The curious fairytale of Fran Boyd, Donnie Andrews, and the amoral Robin Hood called Omar, begins in Baltimore, sometime in 1993, when reporter David Simon pitches up with former homicide cop Ed Burns to tell the story of the junction between the city’s West Fayette Street and Monroe Street, which operated as a drug market in a dying neighbourhood.
Simon and Burns’s style is a novelistic brand of journalism. When they make television, it feels like cinema, infused with the manners of documentary. Their stories are a kind of truth, and a sort of art. Before The Corner, there was Homicide, a book which became the naturalistic television drama Homicide: Life on the Street, which made Hill Street Blues look Hamish Macbeth. In their joint projects, Burns uses the instincts he gained during a 20-year career as a detective, while Simon employs his journalistic training. For The Corner, they studied the neighbourhood for a year, with the intention of depicting the failure, and the consequences, of the US War on Drugs.
“When they started writing The Corner,” Fran recalls, “David and Ed had met my son’s father, then they met my son. They put the connection together, and they wanted a story based around one family. They knew they had to find the mother. Which I didn’t want nothing to do with. Every time they’d come around, I’d cuss ’em out: ‘Get away from my door!’, you know? I just knew they were the po-lice. Then one day David came around he brought me a paperback of Homicide, and it still wasn’t convincing enough to me. I said, ‘OK, so you wrote a book. I still think you’re police.’”
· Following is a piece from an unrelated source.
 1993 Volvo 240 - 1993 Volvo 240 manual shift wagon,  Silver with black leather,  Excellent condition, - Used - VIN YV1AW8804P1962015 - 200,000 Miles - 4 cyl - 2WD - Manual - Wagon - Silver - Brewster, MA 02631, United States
Some time later, Fran began to notice that, although Simon and Burns had been in the neighbourhood for a while, nobody had been arrested. “My game plan was: all right, so these white people want my story, well they’re gonna pay me. Ed wasn’t all that happy. So what I had to try to do was get David by himself. David didn’t have a clue what was going on. But Ed was always there to snatch David back: ‘No you can’t go down there by yourself.’ But if I could get David by hisself, I could get anything I wanted.”
Fran’s descent into heroin addiction had been slow and tragic. “Oh man,” she says, laughing sardonically, “it’s a family tradition. My mother didn’t use [drugs], but my father was an abusive alcoholic. I can remember hitting the drink as early as five years old. Back then, parents used to give children beer. ‘Look at ’em acting crazy, ain’t they cute?’ Keeping me and my three sisters up, giving us beer, making us dance all night. And we had to go to school the next day. We were so afraid of them that we did it. So I think that was the beginning of my addiction.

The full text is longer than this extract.